Found a good conceptual video explanation, so I’m assuming this probably applies to OpenFHE as well?

Can this procedure be used to build an arbitrarily deep (approximate) arithmetic circuit?

Yes, you can! Having said that, it’ll be slow (as far as I know). @saroja since you wrote the script can you give any insights?

Yes, you can use bootstrapping to build an arbitrarily deep approximate arithmetic circuit. In the *simple-ckks-bootstrapping* example, we set the initial multiplicative depth on L:106. *parameters.SetMultiplicativeDepth(depth)*

This sets the initial ciphertext level to be *depth*. After performing a multiplication, the ciphertext level goes down by one. When the ciphertext level is 0, we can no longer perform any more computations. However, before the level reaches 0, we can run *EvalBootstrap* to bump the level back up, which gives us room to perform more multiplications. We can do this as many times as needed, which allows us to run arbitrarily deep arithmetic circuits.

However, as @iquah mentioned, to get the best performance, it is best to design your circuit and FHE computations in a way that requires as few bootstrap operations as possible.

Ah ok thanks for the explanation! So for practical purposes, the improvement here is that if we (the user) design a circuit that would reach the depth limit, we can refactor the circuit to include a bootrapping layer to add a handful of extra levels, whereas we would otherwise be completely out-of-luck (if bootstrapping was not supported).

whereas we would otherwise be completely out-of-luck (if bootstrapping was not supported).

You could do a reencrypt (decrypt-encrypt) which would refresh the number of levels but it’s not always feasible since you’d need to have the private key

But for all intents and purposes, yes, you are correct.

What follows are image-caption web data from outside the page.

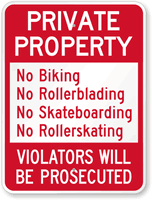 No Biking No Rollerblading & No Skateboarding Sign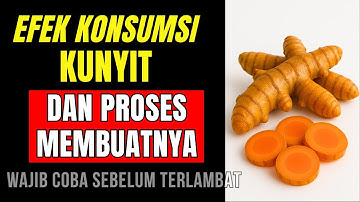 Ini Manfaat & Cara Konsumsi Kunyit Untuk Atasi Berbagai Penyakit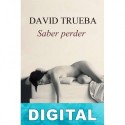 Saber perder David Trueba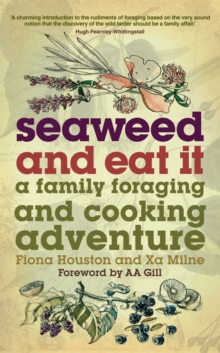 Seaweed and Eat it : A Family Foraging and Cooking Adventure, Paperback Book Seaweed and Eat it : A Family Foraging and Cooking Adventure, Paperback Book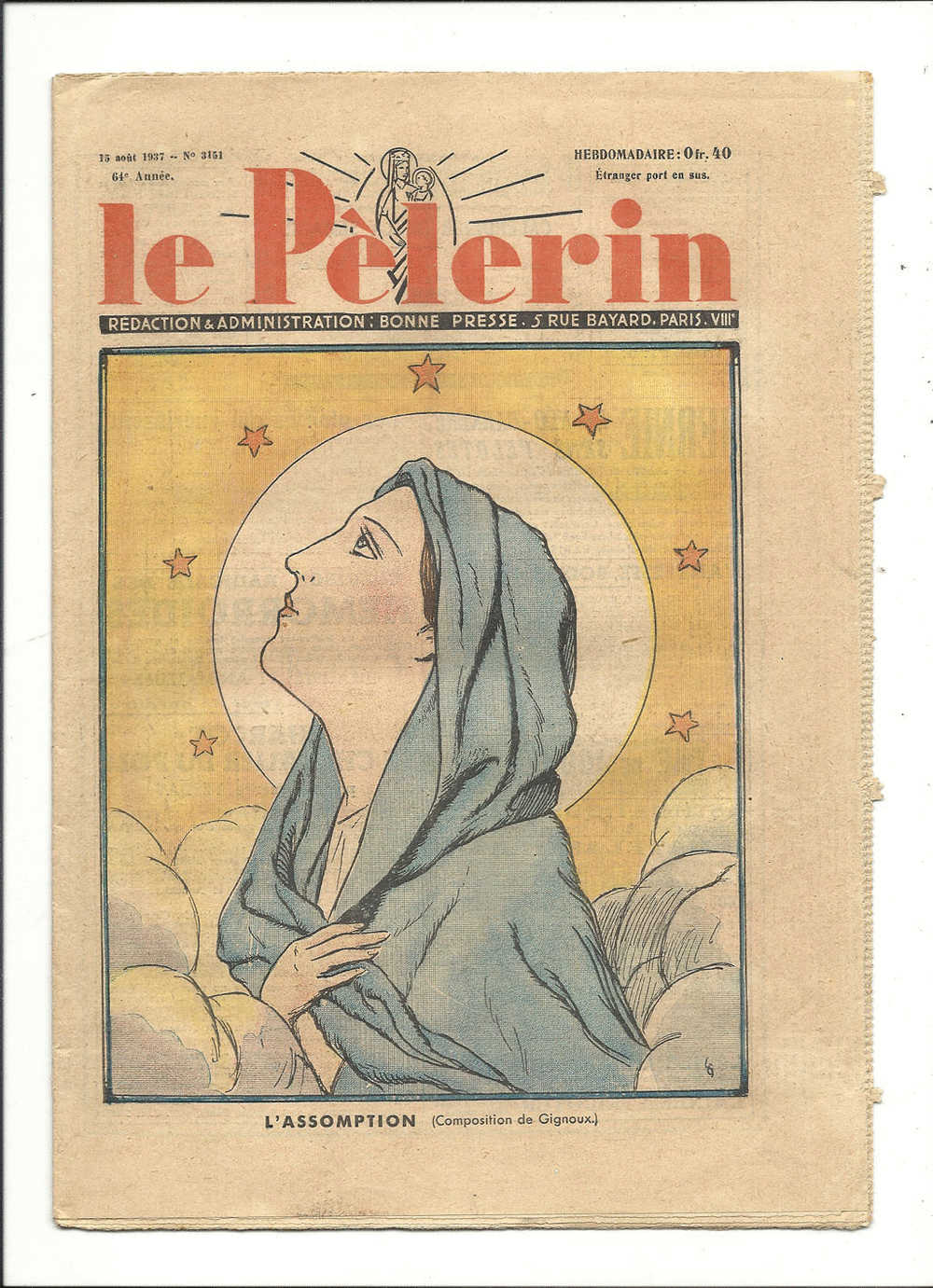 Journaux, Hebdomadaire, "Le Pèlerin" - 15 Août 1937 - N°3151 - 64è Année - L´assomption - Autres & Non Classés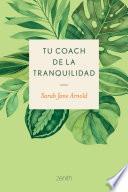 Tu coach de la tranquilidad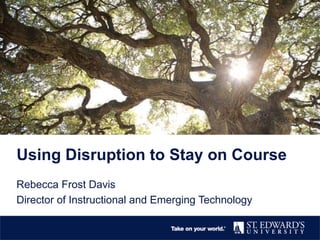 Rebecca Frost Davis
Director of Instructional and Emerging Technology
Using Disruption to Stay on Course
 
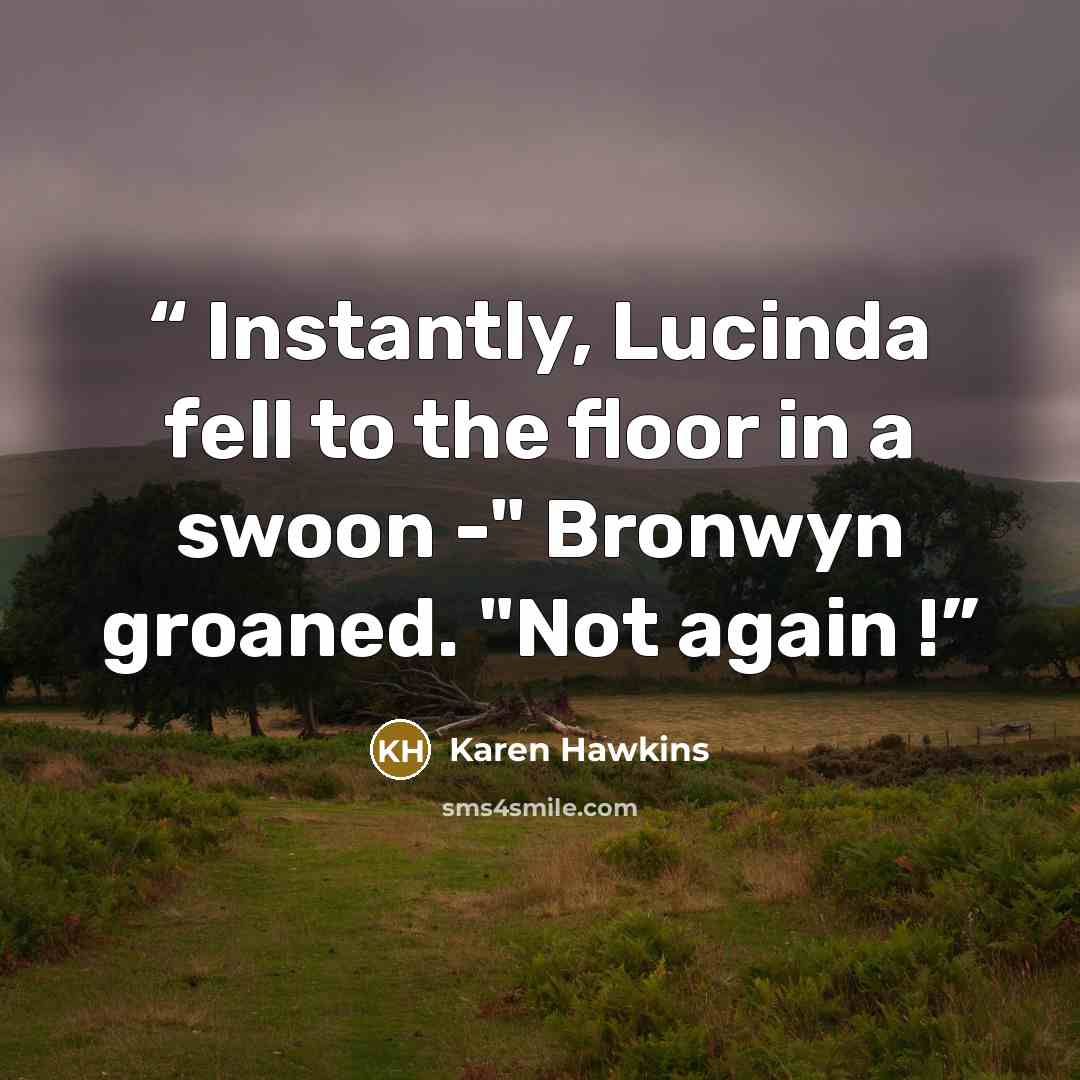 “Instantly, Lucinda fell to the floor in a swoon -" Bronwyn groaned. "Not again !” quote by Karen Hawkins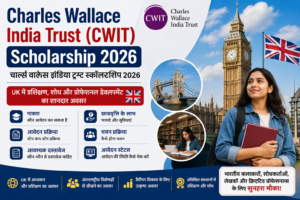 Charles Wallace India Trust Scholarship 2026 के लिए आवेदन, पात्रता, UK में अध्ययन एवं प्रशिक्षण, छात्रवृत्ति के लाभ, आवश्यक दस्तावेज और चयन प्रक्रिया की जानकारी दर्शाती हुई फीचर इमेज।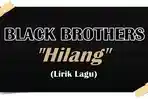 Lirik-Lagu-Black-Brothers-Hilang-Kini-ku-sendiri-lagi.jpg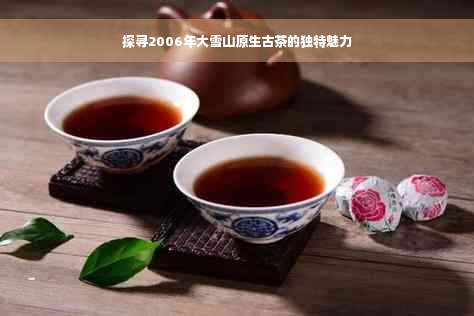 探寻2006年大雪山原生古茶的独特魅力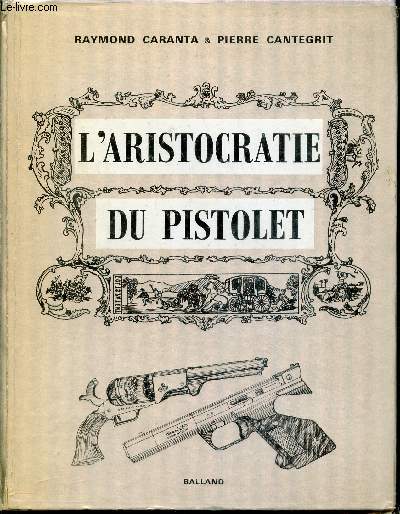 L'aristocratie du pistolet.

I would like to add a note on the precision of the result after bootstrapping. In CKKS, bootstrapping is approximate. So there is some loss in precision, primarily after the first bootstrapping. However, many machine learning applications are approximate in nature. So this loss of precision does not significantly affect the result. A good example is logistic regression training. We were able to run even hundreds of logistic regression iterations, with hundreds of bootstrapping calls, while still getting 4-5 decimal digits of accuracy.

When you need to do deep computations, I suggest using the 128-bit CKKS, i.e., setting NATIVE_SIZE=128, as the 64-bit CKKS is limited to 3-4 decimal digits (after first bootstrapping call).